WHAT IS BEING ASKED —
Provide again, from the entries below, every line from the one containing "నిజామాబాద్ కమిషనర్ సాయి చైతన్య" through the one containing "image for item", exactly as written, and no other line.

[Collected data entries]
============================================================

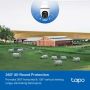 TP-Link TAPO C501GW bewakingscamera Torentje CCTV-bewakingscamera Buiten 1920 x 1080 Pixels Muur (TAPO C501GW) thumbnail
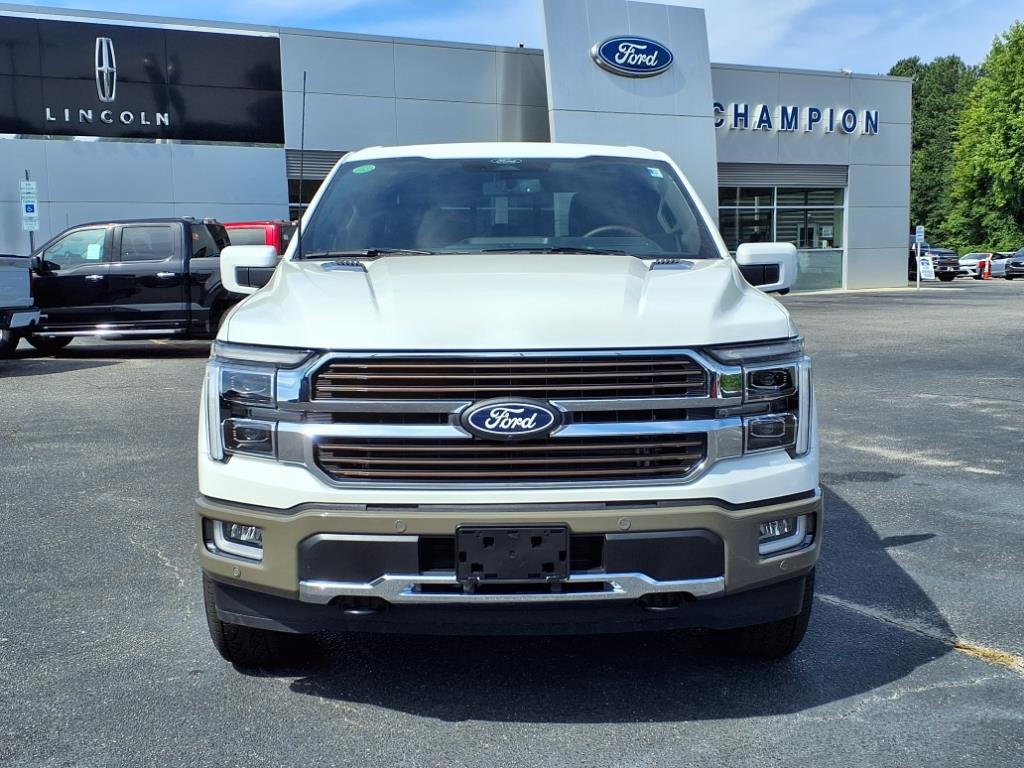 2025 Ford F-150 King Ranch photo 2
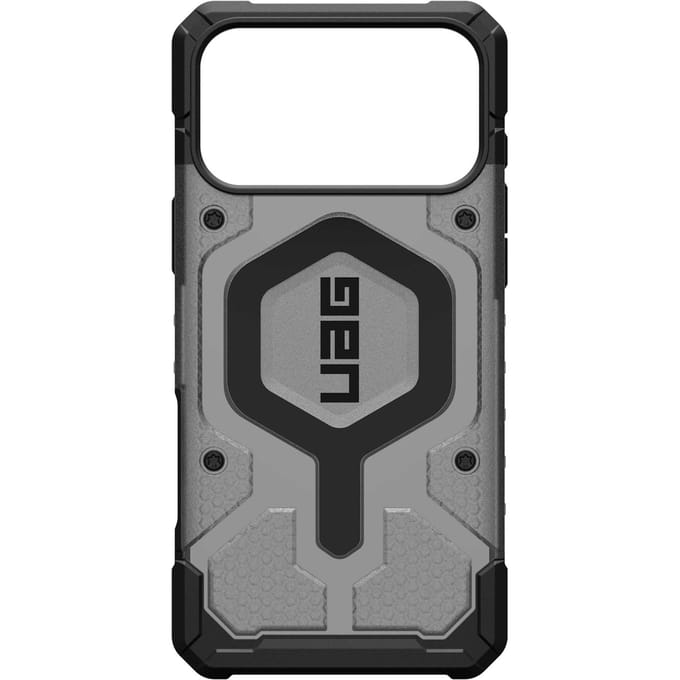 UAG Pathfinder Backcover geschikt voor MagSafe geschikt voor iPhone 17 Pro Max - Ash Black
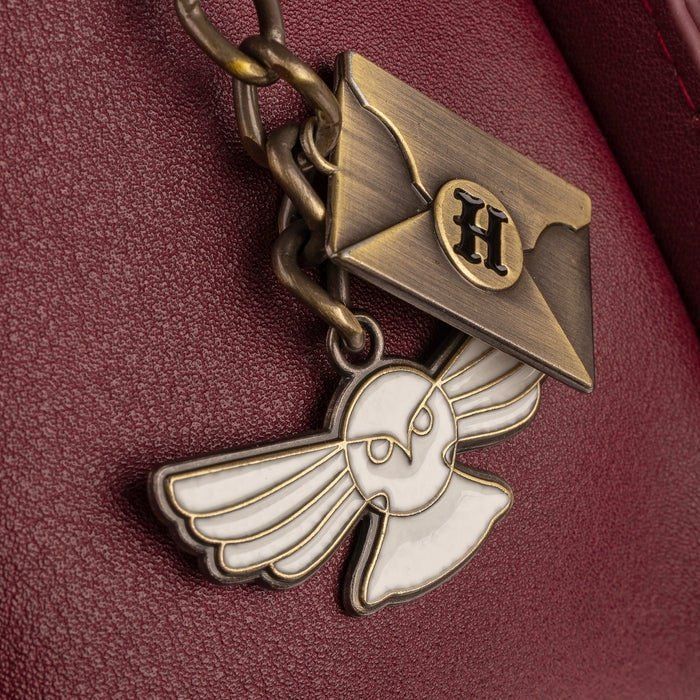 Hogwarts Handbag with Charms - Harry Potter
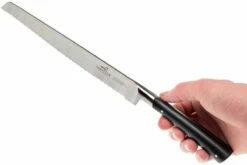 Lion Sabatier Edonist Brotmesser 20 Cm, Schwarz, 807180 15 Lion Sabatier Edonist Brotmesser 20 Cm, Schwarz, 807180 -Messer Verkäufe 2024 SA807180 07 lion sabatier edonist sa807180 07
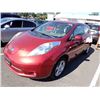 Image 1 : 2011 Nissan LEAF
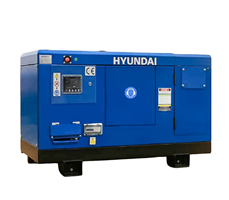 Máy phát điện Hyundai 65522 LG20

============================================================

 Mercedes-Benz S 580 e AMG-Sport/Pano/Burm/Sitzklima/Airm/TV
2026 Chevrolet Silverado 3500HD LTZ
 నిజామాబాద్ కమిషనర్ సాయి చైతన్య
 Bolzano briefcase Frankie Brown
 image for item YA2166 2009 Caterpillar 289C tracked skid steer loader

============================================================

OUTPUT FOR THIS EXERCISE —
 నిజామాబాద్ కమిషనర్ సాయి చైతన్య
 Bolzano briefcase Frankie Brown
 image for item YA2166 2009 Caterpillar 289C tracked skid steer loader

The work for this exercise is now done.